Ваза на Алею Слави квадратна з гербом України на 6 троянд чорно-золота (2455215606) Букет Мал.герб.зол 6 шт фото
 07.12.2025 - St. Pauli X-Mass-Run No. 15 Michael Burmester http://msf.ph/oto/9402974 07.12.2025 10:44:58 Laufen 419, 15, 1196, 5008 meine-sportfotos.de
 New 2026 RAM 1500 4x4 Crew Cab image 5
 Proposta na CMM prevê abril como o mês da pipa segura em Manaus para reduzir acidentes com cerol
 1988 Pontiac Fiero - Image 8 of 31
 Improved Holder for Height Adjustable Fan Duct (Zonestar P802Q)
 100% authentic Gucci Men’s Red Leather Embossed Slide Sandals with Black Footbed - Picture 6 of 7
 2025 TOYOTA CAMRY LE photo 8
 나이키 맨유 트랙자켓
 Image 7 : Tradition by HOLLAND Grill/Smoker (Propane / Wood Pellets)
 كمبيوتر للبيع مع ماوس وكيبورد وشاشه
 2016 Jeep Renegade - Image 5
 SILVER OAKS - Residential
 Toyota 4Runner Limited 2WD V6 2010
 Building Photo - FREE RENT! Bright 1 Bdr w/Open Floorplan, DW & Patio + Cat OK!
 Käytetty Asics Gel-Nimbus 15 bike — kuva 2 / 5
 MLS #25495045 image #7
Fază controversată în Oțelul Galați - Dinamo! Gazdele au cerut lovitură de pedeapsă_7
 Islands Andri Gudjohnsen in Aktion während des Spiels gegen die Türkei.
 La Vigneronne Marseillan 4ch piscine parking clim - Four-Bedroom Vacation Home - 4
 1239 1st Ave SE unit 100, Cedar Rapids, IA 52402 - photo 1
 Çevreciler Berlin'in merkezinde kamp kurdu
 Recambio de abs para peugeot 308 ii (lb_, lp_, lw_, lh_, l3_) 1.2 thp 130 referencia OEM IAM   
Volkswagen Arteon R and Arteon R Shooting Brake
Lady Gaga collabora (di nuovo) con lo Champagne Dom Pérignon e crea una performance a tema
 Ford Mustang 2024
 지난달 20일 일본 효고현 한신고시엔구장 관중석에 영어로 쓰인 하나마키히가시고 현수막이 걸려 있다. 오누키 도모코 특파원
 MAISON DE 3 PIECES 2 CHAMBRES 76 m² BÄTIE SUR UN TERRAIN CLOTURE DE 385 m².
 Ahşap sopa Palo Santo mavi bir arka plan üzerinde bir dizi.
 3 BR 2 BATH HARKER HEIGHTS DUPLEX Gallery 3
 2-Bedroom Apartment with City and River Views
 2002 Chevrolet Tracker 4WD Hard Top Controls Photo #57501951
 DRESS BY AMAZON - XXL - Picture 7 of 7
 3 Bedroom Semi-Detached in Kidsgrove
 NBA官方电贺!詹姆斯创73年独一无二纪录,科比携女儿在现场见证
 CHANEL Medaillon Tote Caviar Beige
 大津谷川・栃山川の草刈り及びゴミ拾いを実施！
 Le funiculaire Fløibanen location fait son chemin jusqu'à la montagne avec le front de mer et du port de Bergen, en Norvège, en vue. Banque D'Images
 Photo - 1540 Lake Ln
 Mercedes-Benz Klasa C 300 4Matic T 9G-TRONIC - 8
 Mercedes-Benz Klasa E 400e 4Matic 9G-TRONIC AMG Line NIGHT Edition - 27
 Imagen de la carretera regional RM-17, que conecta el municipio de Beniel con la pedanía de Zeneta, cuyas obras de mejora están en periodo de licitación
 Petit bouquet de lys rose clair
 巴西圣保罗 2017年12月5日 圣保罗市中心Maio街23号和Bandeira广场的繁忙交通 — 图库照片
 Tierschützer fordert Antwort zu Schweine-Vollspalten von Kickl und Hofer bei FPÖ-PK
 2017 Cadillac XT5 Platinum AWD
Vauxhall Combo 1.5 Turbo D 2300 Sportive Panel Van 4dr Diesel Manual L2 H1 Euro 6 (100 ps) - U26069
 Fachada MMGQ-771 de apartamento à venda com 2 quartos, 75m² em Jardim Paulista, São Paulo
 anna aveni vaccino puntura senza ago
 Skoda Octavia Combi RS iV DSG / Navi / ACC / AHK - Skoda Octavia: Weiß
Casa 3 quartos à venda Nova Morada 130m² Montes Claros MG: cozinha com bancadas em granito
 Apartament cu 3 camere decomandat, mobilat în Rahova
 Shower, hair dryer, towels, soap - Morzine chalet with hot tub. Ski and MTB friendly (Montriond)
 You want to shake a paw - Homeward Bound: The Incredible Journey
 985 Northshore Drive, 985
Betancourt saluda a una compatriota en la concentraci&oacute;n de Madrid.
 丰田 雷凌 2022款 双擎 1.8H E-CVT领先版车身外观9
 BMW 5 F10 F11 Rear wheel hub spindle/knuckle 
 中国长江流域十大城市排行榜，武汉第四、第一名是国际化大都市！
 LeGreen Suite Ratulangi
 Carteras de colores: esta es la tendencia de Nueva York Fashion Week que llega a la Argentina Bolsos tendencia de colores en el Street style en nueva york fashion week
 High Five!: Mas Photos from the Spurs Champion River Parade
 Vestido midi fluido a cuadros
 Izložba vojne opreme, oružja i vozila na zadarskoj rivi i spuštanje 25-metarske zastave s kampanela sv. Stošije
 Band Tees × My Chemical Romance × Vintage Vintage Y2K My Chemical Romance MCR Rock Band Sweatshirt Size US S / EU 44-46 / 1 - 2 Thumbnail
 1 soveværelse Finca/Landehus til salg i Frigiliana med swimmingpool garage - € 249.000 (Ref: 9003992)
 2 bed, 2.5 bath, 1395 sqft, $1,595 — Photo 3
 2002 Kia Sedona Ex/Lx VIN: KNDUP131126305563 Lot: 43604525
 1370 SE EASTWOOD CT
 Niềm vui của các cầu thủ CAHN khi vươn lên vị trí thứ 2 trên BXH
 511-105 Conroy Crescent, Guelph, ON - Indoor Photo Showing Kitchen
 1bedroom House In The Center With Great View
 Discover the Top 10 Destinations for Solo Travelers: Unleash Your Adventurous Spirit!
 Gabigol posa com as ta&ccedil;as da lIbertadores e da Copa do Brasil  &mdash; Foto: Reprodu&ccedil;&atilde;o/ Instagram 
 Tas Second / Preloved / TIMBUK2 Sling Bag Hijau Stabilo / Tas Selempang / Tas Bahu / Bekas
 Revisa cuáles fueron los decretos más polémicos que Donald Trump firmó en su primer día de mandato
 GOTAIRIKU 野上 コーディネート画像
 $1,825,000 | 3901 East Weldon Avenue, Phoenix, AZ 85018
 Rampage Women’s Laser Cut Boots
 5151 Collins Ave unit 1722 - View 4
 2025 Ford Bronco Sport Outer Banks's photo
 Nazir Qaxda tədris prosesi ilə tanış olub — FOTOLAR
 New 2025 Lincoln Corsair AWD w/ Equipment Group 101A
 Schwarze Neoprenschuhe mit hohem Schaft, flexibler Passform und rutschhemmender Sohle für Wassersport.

[TASK INSTRUCTIONS]: Write the records above out again precisely.

[RESPONSE FOR THIS EXERCISE]:
Ваза на Алею Слави квадратна з гербом України на 6 троянд чорно-золота (2455215606) Букет Мал.герб.зол 6 шт фото
 07.12.2025 - St. Pauli X-Mass-Run No. 15 Michael Burmester http://msf.ph/oto/9402974 07.12.2025 10:44:58 Laufen 419, 15, 1196, 5008 meine-sportfotos.de
 New 2026 RAM 1500 4x4 Crew Cab image 5
 Proposta na CMM prevê abril como o mês da pipa segura em Manaus para reduzir acidentes com cerol
 1988 Pontiac Fiero - Image 8 of 31
 Improved Holder for Height Adjustable Fan Duct (Zonestar P802Q)
 100% authentic Gucci Men’s Red Leather Embossed Slide Sandals with Black Footbed - Picture 6 of 7
 2025 TOYOTA CAMRY LE photo 8
 나이키 맨유 트랙자켓
 Image 7 : Tradition by HOLLAND Grill/Smoker (Propane / Wood Pellets)
 كمبيوتر للبيع مع ماوس وكيبورد وشاشه
 2016 Jeep Renegade - Image 5
 SILVER OAKS - Residential
 Toyota 4Runner Limited 2WD V6 2010
 Building Photo - FREE RENT! Bright 1 Bdr w/Open Floorplan, DW & Patio + Cat OK!
 Käytetty Asics Gel-Nimbus 15 bike — kuva 2 / 5
 MLS #25495045 image #7
Fază controversată în Oțelul Galați - Dinamo! Gazdele au cerut lovitură de pedeapsă_7
 Islands Andri Gudjohnsen in Aktion während des Spiels gegen die Türkei.
 La Vigneronne Marseillan 4ch piscine parking clim - Four-Bedroom Vacation Home - 4
 1239 1st Ave SE unit 100, Cedar Rapids, IA 52402 - photo 1
 Çevreciler Berlin'in merkezinde kamp kurdu
 Recambio de abs para peugeot 308 ii (lb_, lp_, lw_, lh_, l3_) 1.2 thp 130 referencia OEM IAM   
Volkswagen Arteon R and Arteon R Shooting Brake
Lady Gaga collabora (di nuovo) con lo Champagne Dom Pérignon e crea una performance a tema
 Ford Mustang 2024
 지난달 20일 일본 효고현 한신고시엔구장 관중석에 영어로 쓰인 하나마키히가시고 현수막이 걸려 있다. 오누키 도모코 특파원
 MAISON DE 3 PIECES 2 CHAMBRES 76 m² BÄTIE SUR UN TERRAIN CLOTURE DE 385 m².
 Ahşap sopa Palo Santo mavi bir arka plan üzerinde bir dizi.
 3 BR 2 BATH HARKER HEIGHTS DUPLEX Gallery 3
 2-Bedroom Apartment with City and River Views
 2002 Chevrolet Tracker 4WD Hard Top Controls Photo #57501951
 DRESS BY AMAZON - XXL - Picture 7 of 7
 3 Bedroom Semi-Detached in Kidsgrove
 NBA官方电贺!詹姆斯创73年独一无二纪录,科比携女儿在现场见证
 CHANEL Medaillon Tote Caviar Beige
 大津谷川・栃山川の草刈り及びゴミ拾いを実施！
 Le funiculaire Fløibanen location fait son chemin jusqu'à la montagne avec le front de mer et du port de Bergen, en Norvège, en vue. Banque D'Images
 Photo - 1540 Lake Ln
 Mercedes-Benz Klasa C 300 4Matic T 9G-TRONIC - 8
 Mercedes-Benz Klasa E 400e 4Matic 9G-TRONIC AMG Line NIGHT Edition - 27
 Imagen de la carretera regional RM-17, que conecta el municipio de Beniel con la pedanía de Zeneta, cuyas obras de mejora están en periodo de licitación
 Petit bouquet de lys rose clair
 巴西圣保罗 2017年12月5日 圣保罗市中心Maio街23号和Bandeira广场的繁忙交通 — 图库照片
 Tierschützer fordert Antwort zu Schweine-Vollspalten von Kickl und Hofer bei FPÖ-PK
 2017 Cadillac XT5 Platinum AWD
Vauxhall Combo 1.5 Turbo D 2300 Sportive Panel Van 4dr Diesel Manual L2 H1 Euro 6 (100 ps) - U26069
 Fachada MMGQ-771 de apartamento à venda com 2 quartos, 75m² em Jardim Paulista, São Paulo
 anna aveni vaccino puntura senza ago
 Skoda Octavia Combi RS iV DSG / Navi / ACC / AHK - Skoda Octavia: Weiß
Casa 3 quartos à venda Nova Morada 130m² Montes Claros MG: cozinha com bancadas em granito
 Apartament cu 3 camere decomandat, mobilat în Rahova
 Shower, hair dryer, towels, soap - Morzine chalet with hot tub. Ski and MTB friendly (Montriond)
 You want to shake a paw - Homeward Bound: The Incredible Journey
 985 Northshore Drive, 985
Betancourt saluda a una compatriota en la concentraci&oacute;n de Madrid.
 丰田 雷凌 2022款 双擎 1.8H E-CVT领先版车身外观9
 BMW 5 F10 F11 Rear wheel hub spindle/knuckle 
 中国长江流域十大城市排行榜，武汉第四、第一名是国际化大都市！
 LeGreen Suite Ratulangi
 Carteras de colores: esta es la tendencia de Nueva York Fashion Week que llega a la Argentina Bolsos tendencia de colores en el Street style en nueva york fashion week
 High Five!: Mas Photos from the Spurs Champion River Parade
 Vestido midi fluido a cuadros
 Izložba vojne opreme, oružja i vozila na zadarskoj rivi i spuštanje 25-metarske zastave s kampanela sv. Stošije
 Band Tees × My Chemical Romance × Vintage Vintage Y2K My Chemical Romance MCR Rock Band Sweatshirt Size US S / EU 44-46 / 1 - 2 Thumbnail
 1 soveværelse Finca/Landehus til salg i Frigiliana med swimmingpool garage - € 249.000 (Ref: 9003992)
 2 bed, 2.5 bath, 1395 sqft, $1,595 — Photo 3
 2002 Kia Sedona Ex/Lx VIN: KNDUP131126305563 Lot: 43604525
 1370 SE EASTWOOD CT
 Niềm vui của các cầu thủ CAHN khi vươn lên vị trí thứ 2 trên BXH
 511-105 Conroy Crescent, Guelph, ON - Indoor Photo Showing Kitchen
 1bedroom House In The Center With Great View
 Discover the Top 10 Destinations for Solo Travelers: Unleash Your Adventurous Spirit!
 Gabigol posa com as ta&ccedil;as da lIbertadores e da Copa do Brasil  &mdash; Foto: Reprodu&ccedil;&atilde;o/ Instagram 
 Tas Second / Preloved / TIMBUK2 Sling Bag Hijau Stabilo / Tas Selempang / Tas Bahu / Bekas
 Revisa cuáles fueron los decretos más polémicos que Donald Trump firmó en su primer día de mandato
 GOTAIRIKU 野上 コーディネート画像
 $1,825,000 | 3901 East Weldon Avenue, Phoenix, AZ 85018
 Rampage Women’s Laser Cut Boots
 5151 Collins Ave unit 1722 - View 4
 2025 Ford Bronco Sport Outer Banks's photo
 Nazir Qaxda tədris prosesi ilə tanış olub — FOTOLAR
 New 2025 Lincoln Corsair AWD w/ Equipment Group 101A
 Schwarze Neoprenschuhe mit hohem Schaft, flexibler Passform und rutschhemmender Sohle für Wassersport.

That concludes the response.